Saturday, September 3, 2011

This morning we had our first Serbian class. Ceca picked us up and walked with us to a pekare (пекаре, bakery) for breakfast. I had a pastry made of not-quite-philo-dough and stuffed with a warm apple paste, sprinkled with powdered sugar. We went onward to the University of Novi Sad, to the Philosophy building where the Serbian classes are held. There we met Ivana, our teacher, and Mikhail, our classmate who's visiting from Russia.

During class, we steamed through virtually all of the Serbian I know. We went through the alphabet-- Mikhail was far better at the cyrillic, and we were better at the latinic. We went over the basic numbers, and a few other concepts.

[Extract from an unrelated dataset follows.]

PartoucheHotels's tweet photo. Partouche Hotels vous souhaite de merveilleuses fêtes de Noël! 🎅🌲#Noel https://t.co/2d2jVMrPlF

Outside our classroom was a poster describing the various types of emergency alarms. I was most surprised by two: one depicted a mushroom cloud, which I guess we have in some old or highly populated public areas in America; and the other showed a pair of jet fighters and two bombs. Ceca joked with me, "We used that when you bombed us." "Sorry about that," I replied. She knows that I was only six years old during the air raids, and none of the Serbians I've run into yet seem at all hostile toward Americans because of the events of 1999.

After class, we walked back to the area around our hostel. We went to a café and started our homework: transliterating latninic Serbian into cyrillic. I had an espresso to ward off jet lag.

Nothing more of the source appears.